[Problem requirements] An exact copy of the lines from the one containing "Turkish cake in" through the final line of the records is the only acceptable answer.

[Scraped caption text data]
________

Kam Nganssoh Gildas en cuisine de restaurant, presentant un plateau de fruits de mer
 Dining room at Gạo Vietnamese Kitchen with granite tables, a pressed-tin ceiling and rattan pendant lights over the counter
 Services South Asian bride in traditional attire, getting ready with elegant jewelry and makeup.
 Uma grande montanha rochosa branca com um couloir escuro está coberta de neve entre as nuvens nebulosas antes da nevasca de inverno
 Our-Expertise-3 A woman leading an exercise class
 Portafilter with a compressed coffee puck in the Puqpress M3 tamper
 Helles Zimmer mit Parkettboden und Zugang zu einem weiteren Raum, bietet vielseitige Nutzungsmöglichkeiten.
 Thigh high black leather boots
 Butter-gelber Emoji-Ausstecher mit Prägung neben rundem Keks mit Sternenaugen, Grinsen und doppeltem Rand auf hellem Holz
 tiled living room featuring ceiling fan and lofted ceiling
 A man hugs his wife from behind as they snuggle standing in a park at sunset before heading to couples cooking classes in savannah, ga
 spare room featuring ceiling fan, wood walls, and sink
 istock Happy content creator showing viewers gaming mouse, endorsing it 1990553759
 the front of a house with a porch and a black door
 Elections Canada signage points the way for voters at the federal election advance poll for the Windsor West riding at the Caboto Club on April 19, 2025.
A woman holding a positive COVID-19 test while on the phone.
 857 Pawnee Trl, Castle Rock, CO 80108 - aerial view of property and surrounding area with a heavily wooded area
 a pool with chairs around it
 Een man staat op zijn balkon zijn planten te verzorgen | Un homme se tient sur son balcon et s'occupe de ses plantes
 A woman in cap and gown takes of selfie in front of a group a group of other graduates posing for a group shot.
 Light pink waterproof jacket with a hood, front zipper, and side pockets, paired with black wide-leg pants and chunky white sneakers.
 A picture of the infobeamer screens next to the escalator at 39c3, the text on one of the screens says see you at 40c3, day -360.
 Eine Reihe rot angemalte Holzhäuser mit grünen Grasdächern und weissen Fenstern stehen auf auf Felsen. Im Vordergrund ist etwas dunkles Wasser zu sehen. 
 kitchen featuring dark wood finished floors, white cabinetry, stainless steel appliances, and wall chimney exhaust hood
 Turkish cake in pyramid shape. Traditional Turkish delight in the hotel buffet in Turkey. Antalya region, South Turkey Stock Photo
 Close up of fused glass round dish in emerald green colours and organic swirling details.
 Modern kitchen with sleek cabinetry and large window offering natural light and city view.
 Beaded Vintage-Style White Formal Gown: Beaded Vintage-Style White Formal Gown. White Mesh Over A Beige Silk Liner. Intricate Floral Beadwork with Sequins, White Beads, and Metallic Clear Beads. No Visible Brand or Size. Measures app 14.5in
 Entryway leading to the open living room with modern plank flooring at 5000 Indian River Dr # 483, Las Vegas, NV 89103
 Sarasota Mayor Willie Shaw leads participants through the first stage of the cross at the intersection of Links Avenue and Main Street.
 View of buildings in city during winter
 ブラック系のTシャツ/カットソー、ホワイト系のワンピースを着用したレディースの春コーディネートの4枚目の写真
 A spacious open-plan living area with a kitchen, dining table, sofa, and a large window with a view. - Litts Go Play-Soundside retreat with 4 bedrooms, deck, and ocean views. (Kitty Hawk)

________

[Solution to this problem]
 Turkish cake in pyramid shape. Traditional Turkish delight in the hotel buffet in Turkey. Antalya region, South Turkey Stock Photo
 Close up of fused glass round dish in emerald green colours and organic swirling details.
 Modern kitchen with sleek cabinetry and large window offering natural light and city view.
 Beaded Vintage-Style White Formal Gown: Beaded Vintage-Style White Formal Gown. White Mesh Over A Beige Silk Liner. Intricate Floral Beadwork with Sequins, White Beads, and Metallic Clear Beads. No Visible Brand or Size. Measures app 14.5in
 Entryway leading to the open living room with modern plank flooring at 5000 Indian River Dr # 483, Las Vegas, NV 89103
 Sarasota Mayor Willie Shaw leads participants through the first stage of the cross at the intersection of Links Avenue and Main Street.
 View of buildings in city during winter
 ブラック系のTシャツ/カットソー、ホワイト系のワンピースを着用したレディースの春コーディネートの4枚目の写真
 A spacious open-plan living area with a kitchen, dining table, sofa, and a large window with a view. - Litts Go Play-Soundside retreat with 4 bedrooms, deck, and ocean views. (Kitty Hawk)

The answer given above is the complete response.